From that link, I went to the whole, original review page: Best Dog Food Reviews and Ratings of 2015 - Reviews.com

This in-depth review got results that make much more sense to me as someone who has sold dog food for a living and knows more than the average person about the companies behind the foods. Among their top picks are Eagle Pack and Nature's Logic. Eagle Pack is often overlooked because they used to have corn in their Super Premium line of foods, but they have the best ingredient sourcing and controls in the industry! And Nature's Logic has millet in it, but that was a highly researched decision, and there are no synthetic ingredients.

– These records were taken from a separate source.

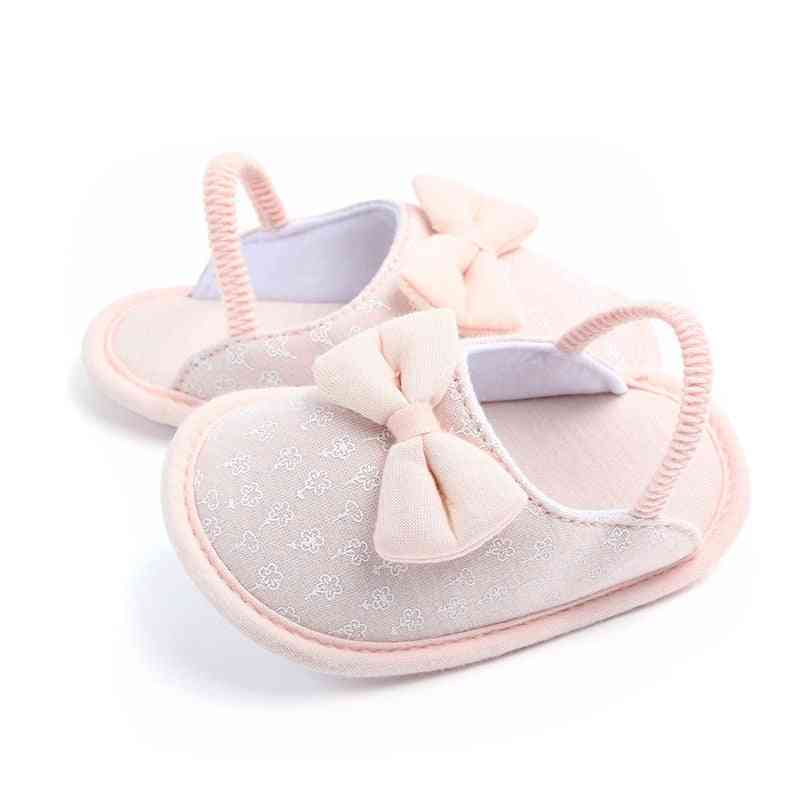 Newborn Baby Indoor Soft Sole Cotton Animal First Walkers Shoes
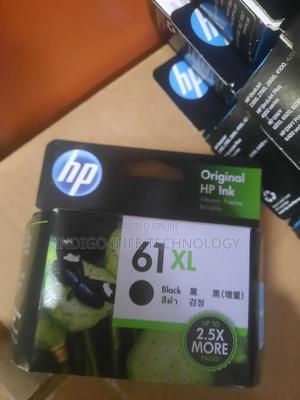 Hp 61 Ink Black Cartridge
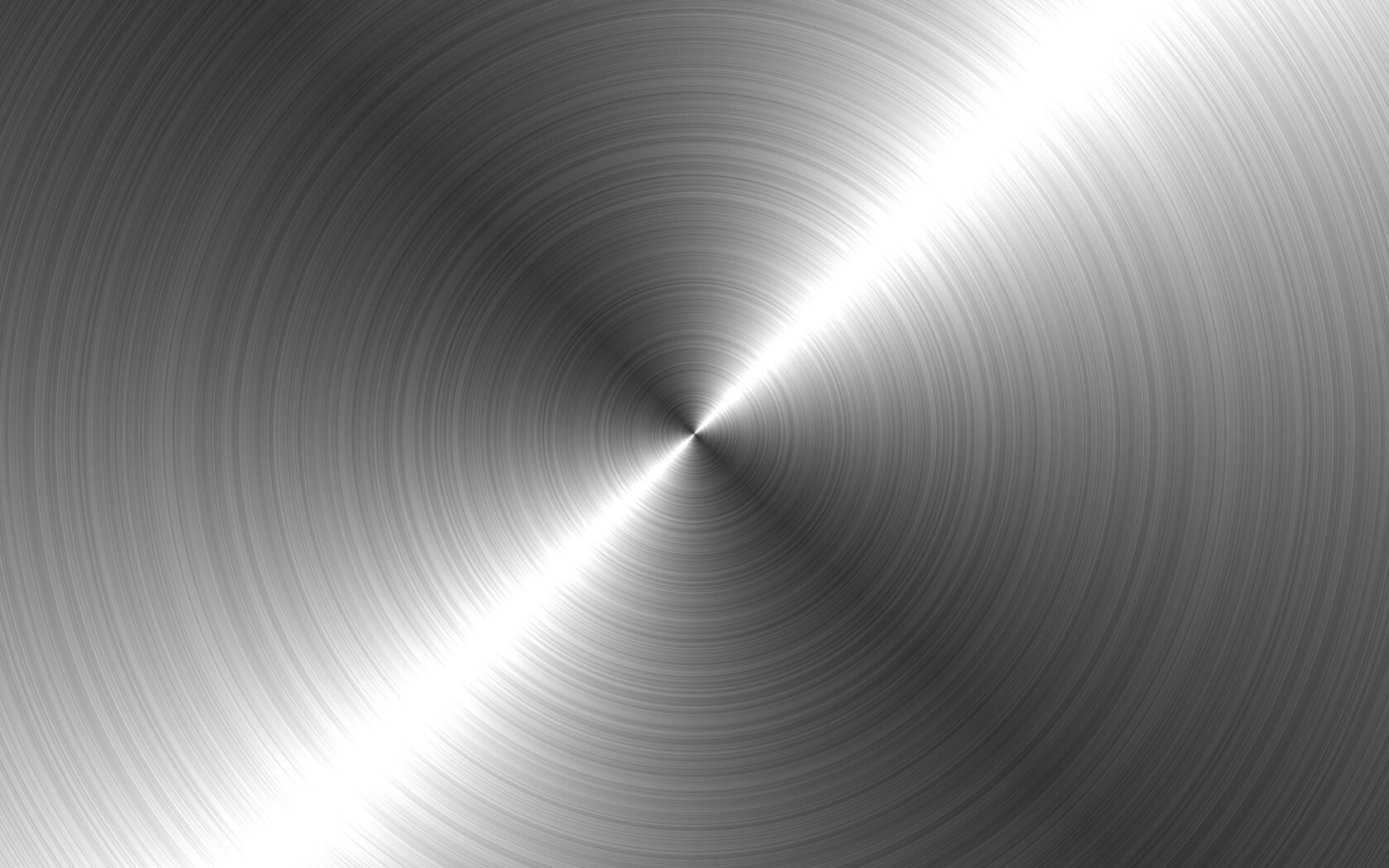 Круглая металлическая поверхность обои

I am so happy these people went the extra mile. I personally despise Dog Food Advisor because their reviews are based solely on a superficial reading of an ingredient label. They do not call out Tiki and Weruva for making their food in Thailand, where there are not good quality controls on the ingredients. That is just one example. 

I think the above link should be the new standard response to finding a good food if someone is not going to feed raw. That is how much I love it!


Sent from my iPad using Tapatalk


----------



## SinisterKisses (Sep 20, 2015)

I found it really useful also, glad you did too! I had a pretty good grasp of foods and what to look for before finding it, but it's a great reference tool that really breaks stuff down.


----------



## pigeonsheep (Nov 8, 2008)

i feed orijen and acana  so we're good yay! ^_^


----------



## susan davis (Mar 25, 2011)

Just copied this list. I use Fromm, grain free, so am good on that. My cat had Logic cat food, which I had to return because of vomiting. Millet allergy? She is on Fromm grain free cat food which is fine. I would use Stella and Chewies if it wasn't so expensive.


----------



## zellko (Jul 3, 2013)

Great info! Happy to see all my choices made the cut. I agree about S & C. Just too pricey. I keep it for emergencies as a topper. So far pup's fave hands down has been the Pup Loaf recipe from Dr. Judy Morgan. They all inhale it like big dogs.


----------



## pigeonsheep (Nov 8, 2008)

zellko said:


> Great info! Happy to see all my choices made the cut. I agree about S & C. Just too pricey. I keep it for emergencies as a topper. So far pup's fave hands down has been the Pup Loaf recipe from Dr. Judy Morgan. They all inhale it like big dogs.


Is that a homemade recipe? Care to share?


----------



## zellko (Jul 3, 2013)

2 lb. ground meat
1/2 lb. ground organ (optional) I don't use this since it upsets Piper's system
3 to 4 eggs
1/2 c. Honest Kitchen Preference rehydrated with 3/4c. hot water OR 1 c. finely chopped vegetables w 1 t. crushed eggshell or a supplement for calcium
1/2 c. barley or quinoa (optional if you prefer grain free)

Bake at 350 for about 40-60 min.
I haven't done a cost analysis since my family has an Angus farm. I'm guessing this would feed one small chi for a week. If hubby ever gets a deer most of it will become PupLoaf. I don't feed it exclusively only because I'm afraid they would refuse anything else. lol

This is from the book From Needles to Natural. She also has a cookbook. 
Home Cooking For Pets, Healthy Dog Food, How to cook for your pets


----------